To summarize how I see it, with questions, so far:

  • You want to be able to do the following operations on A's
    • Shorten
    • Lengthen
    • Combine when they are adjacent, combining two or more into one
    • Punch holes in them by removing a period, and thus splitting it
  • B's that are still contained within an A after the above update, relink if necessary
  • B's that were contained, but are now entirely outside, delete them
  • B's that were contained, but are now partially outside, Edit: Delete these, ref data integrity
  • For all the above operations, do the least minimum work necessary to bring the data in line with the operations (instead of just removing everything and inserting anew)

I'll work on an implementation in C# that might work when I get home from work, I'll come back with more later tonight.
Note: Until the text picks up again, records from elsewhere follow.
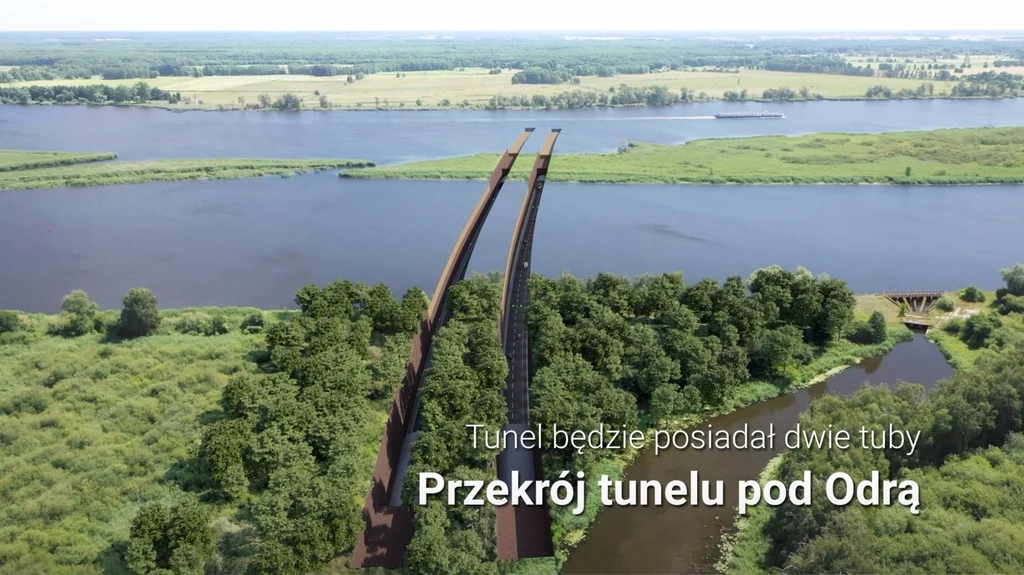 Najdłuższy tunel drogowy w Polsce zostanie wydrążony pod Odrą.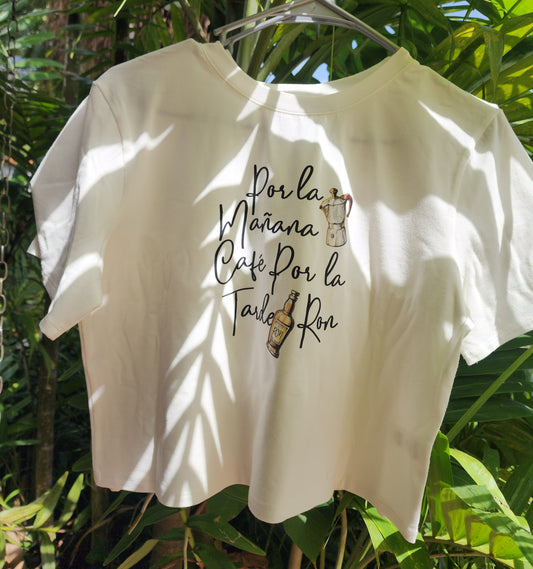 Crop Top Café o Ron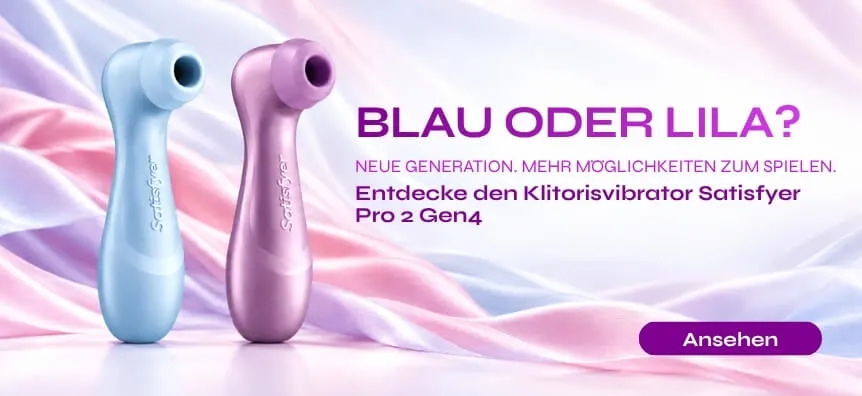 Blau oder Lila? Entdecke die neuen Klitorisstimulatoren Satisfyer Pro 2 Gen4 bei Desirel.de | Sexshop Deutschland Desirel.de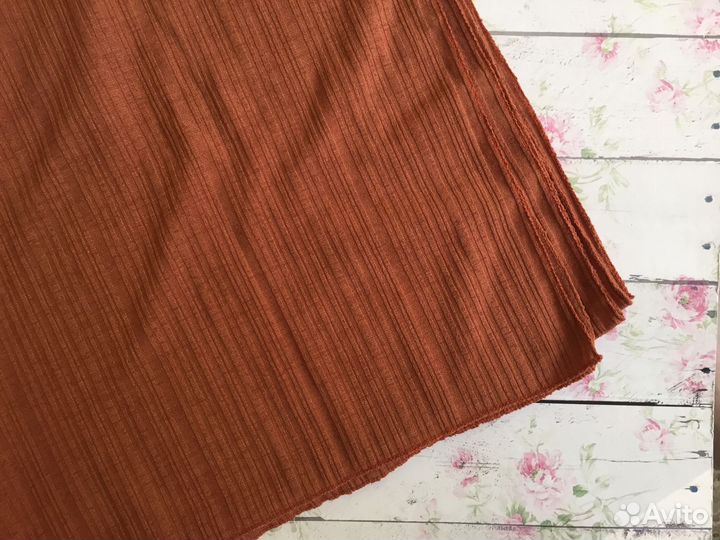 Б/y Трикотажные палантины в рубчик, платки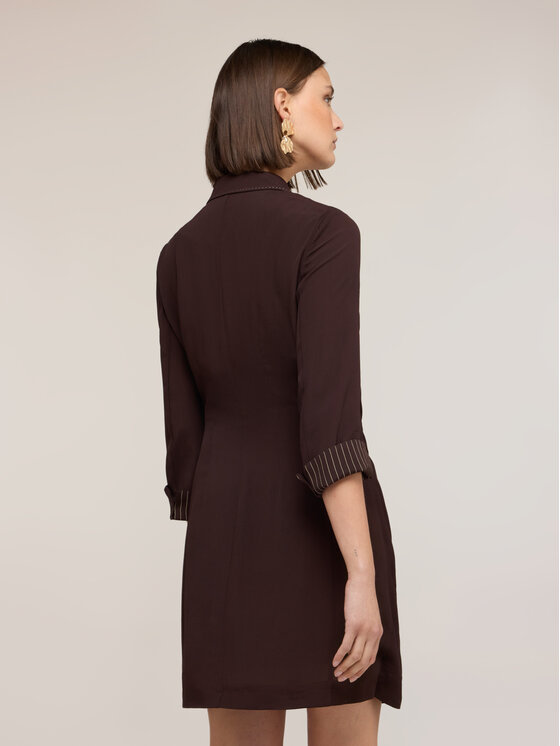 Motivi Motivi Abito da cocktail 7012Q103550N032 Marrone Regular Fit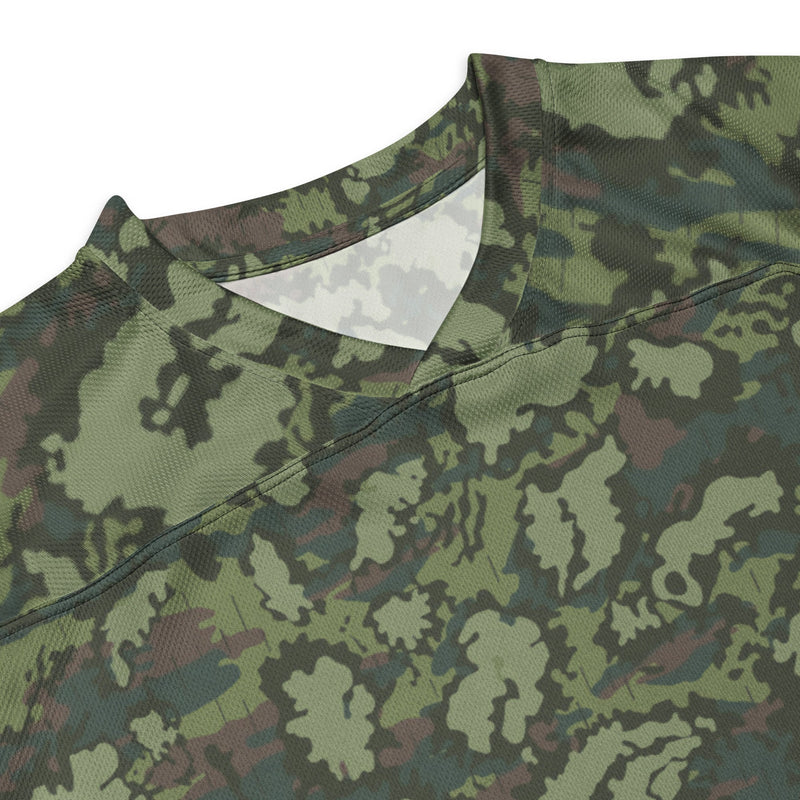 KLMK Red Dawn Woodland CAMO Unisex Hockey Fan Jersey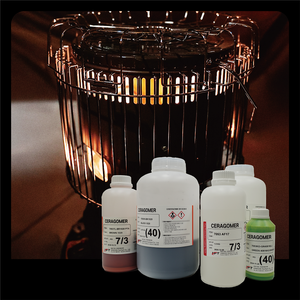 เซราโกเมอร์สีเซรามิกเหลวไม่ติดไฟและทนไฟเคลือบเตา pfora และ pfas ฟรี - Product Image 3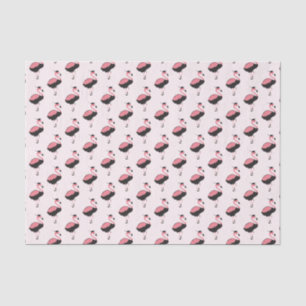 Pink Flamingo Graduation Tissue Paper
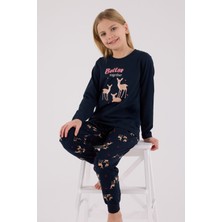 Arnetta Kız Çocuk Lacivert Pijama Takımı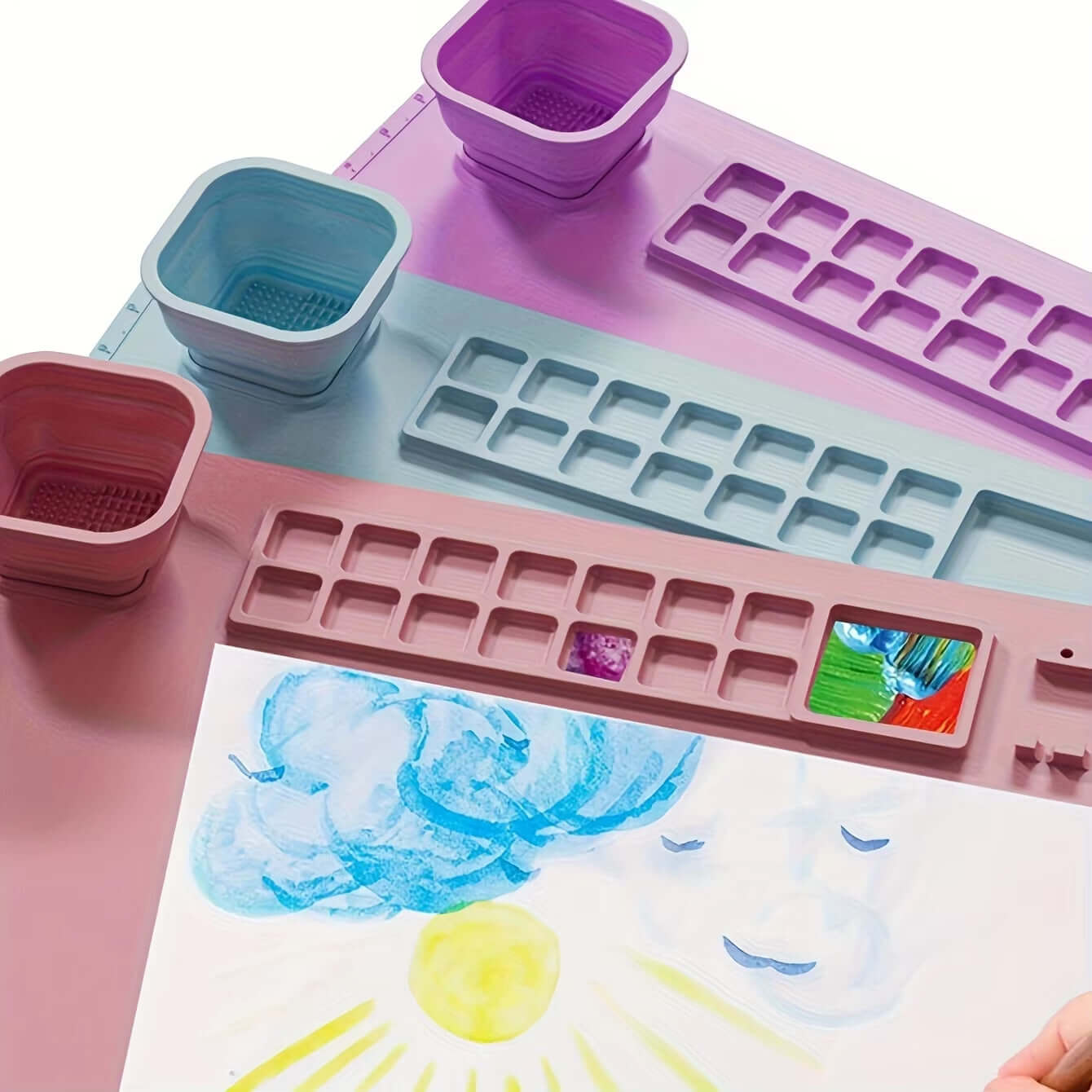 Premium Washable Silicone Art Mat – Ideal for Oil and Color Painting!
Edit Here's a stab at an algorithm.

  1. Optimize the new list first (ie. combine adjacent periods, etc.)
  2. "merge" this list with the master periods in the database in the following way:
    1. keep track of where in both lists (ie. new and existing) you are
    2. if the current new period is entirely before the current existing period, add it, then move to the next new period
    3. if the current new period is entirely after the current existing period, remove the existing period and all its child periods, then move to the next existing period
    4. if the two overlap, adjust the current existing period to be equal to the new period, in the following way, then move on to the next new and existing period
      1. if new period starts before existing period, simply move the start
      2. if new period starts after existing period, check if any child periods are in the difference-period, and remember them, then move the start
      3. do the same with the other end
  3. with any periods you "remembered", see if they needs to be relinked or deleted

You should create a massive set of unit tests and make sure you cover all combinations of modifications.

Lasse V. Karlsen
Hi lassevk, thanks for the response. Yes, it is the first scenario (B is totally contained within A). I'll try to add a concrete example to my request.
Adam Bellaire
lassevk, I regret that I have but one upvote to give for your well-thought out response. I'll probably try to implement this tomorrow morning!
Adam Bellaire
No worries .. I have one too :)
Learning